On Fri, Oct 18, 2024 at 4:43 AM Martin KaFai Lau <martin.lau@xxxxxxxxx> wrote:
>
> On 10/16/24 7:28 PM, Jason Xing wrote:
> > On Thu, Oct 17, 2024 at 8:48 AM Martin KaFai Lau <martin.lau@xxxxxxxxx> wrote:
> >>
> >> On 10/16/24 3:36 AM, Jason Xing wrote:
> >>>>> If the skb carries the timestamp, there are three cases:
> >>>>> 1) non-bpf case and users uses setsockopt()
> >>>>> 2) cmsg case
> >>>>> 3) bpf case
> >>
> >> These should have tests in the selftests/bpf/ sooner than later. (More below).
> >>
> >>>>>
> >>>>> #1 and #2 are already handled well before this patch. I only need to
> >>>>> test if sk_tsflags_bpf has those flags. If so, it means we hit #3, or
> >>>>> else it could be #1 or #2, then we will let the old way print
> >>>>> timestamps in __skb_tstamp_tx().
> >>>>
> >>>> hmm... I am still not sure I fully understand...but I think I may start getting it.
> >>>
> >>> Sorry, my bad. I gave the wrong answer...
> >>>
> >>> It should be:
> >>> Testing if if sk_tsflags has SOF_TIMESTAMPING_SOFTWARE flag should
> >>
> >> You meant adding SOF_TIMESTAMPING_SOFTWARE test to the sk_tstamp_tx_flags()?
> >
> > Yep.
> >
> >>
> >> Before any bpf changes, if I read __skb_tstamp_tx() correctly, the current
> >> behavior is to just queue to the sk_error_queue as long as there is
> >> "SOF_TIMESTAMPING_TX_*" set in the skb's tx_flags and it is regardless of the
> >> sk_tsflags. This will eventually get ignored when user read it from the error
> >> queue because the SOF_TIMESTAMPING_SOFTWARE is not set in sk_tsflags?
> >
> > Totally correct. SOF_TIMESTAMPING_SOFTWARE is a report flag while
> > SOF_TIMESTAMPING_TX_* are generation flags. Without former, users can
> > read the skb from the errqueue but are not able to parse the
> > timestamps. Please see
> > tcp_recvmsg()->inet_recv_error()->ip_recv_error()->sock_recv_timestamp()->__sock_recv_timestamp():
> > if ((tsflags & SOF_TIMESTAMPING_SOFTWARE...

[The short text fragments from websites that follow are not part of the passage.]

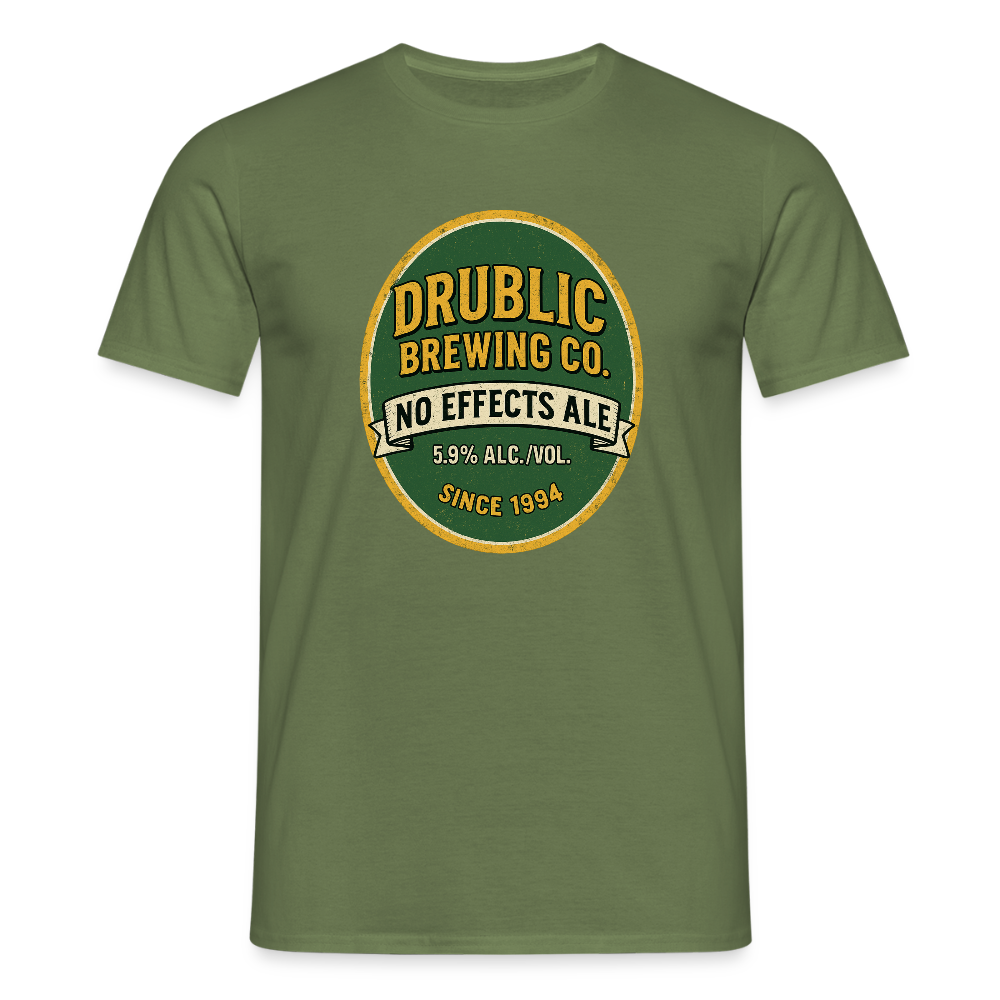 Drublic Brewing Co Tee - military green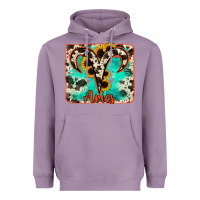 Lavender aries turquoise cowhide Heavyweight Hoodie - RanaPortraitStore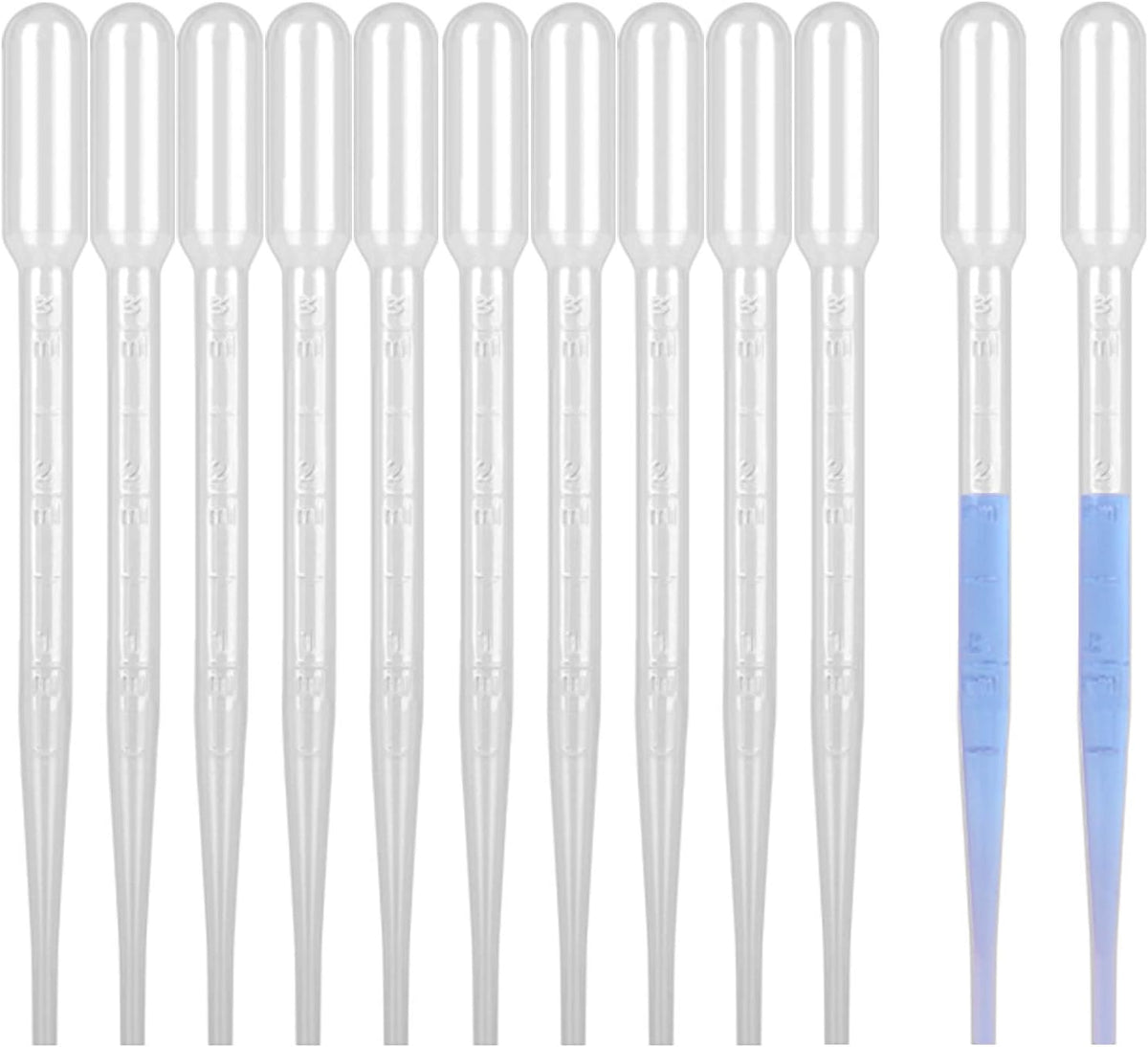 moveland 100 PCS 3ML Dropper Pipettes Essential Oil Transfer for Crafting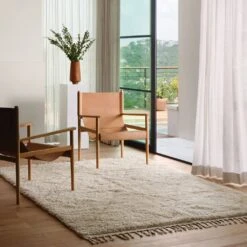 Khalida Hand-Knotted Beni Ourain Area Rug -Home Sale Shop Khalida Area Rug 5 1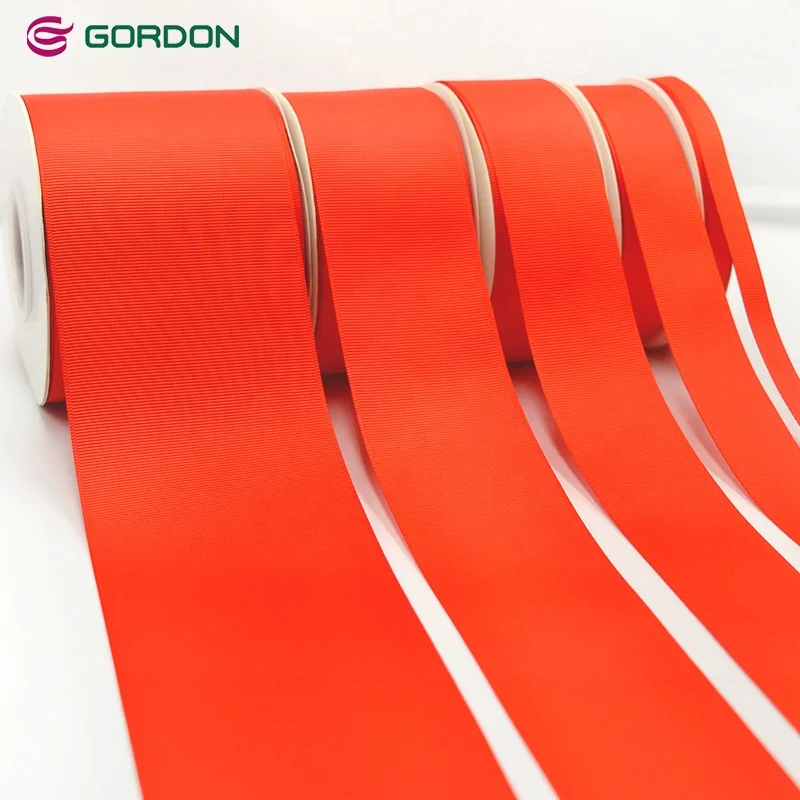 Gordon Ribbons Custom Satin Ribbon 1.5 inch  38mm Plain Wholesale Crafts Fabric Solid Grosgrain Ribbon for Bows Gifts Wrapping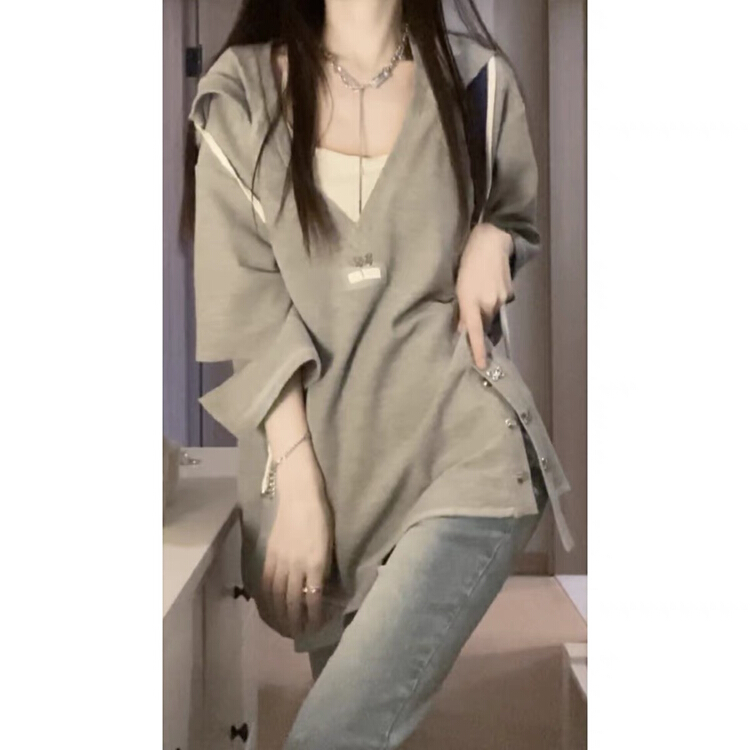 [jun.t] Korean personalized loose Hoodie 6109\pcz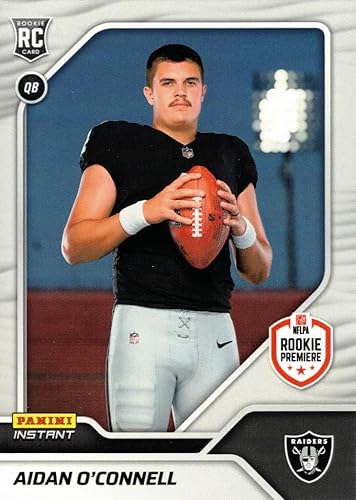 2023 Panini Instant Football #34 Aidan O'Connell Rookie Card Raiders - Only 543 made!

> >         ktime_to_timespec64_cond(skb->tstamp, tss.ts + 0))
>
> afaict, __sock_recv_timestamp does not put the timestamp cmsg but ip_recv_error
> still returns the skb to the user.
>
> I suspect we are talking the same thing. When SOF_TIMESTAMPING_SOFTWARE is not
> set in sk and SOF_TIMESTAMPING_TX_* is set in cmsg, the existing (aka
> traditional) way is that the generated skb will still be queued in the error
> queue. The user space can still read it but just won't have the timestamp cmsg.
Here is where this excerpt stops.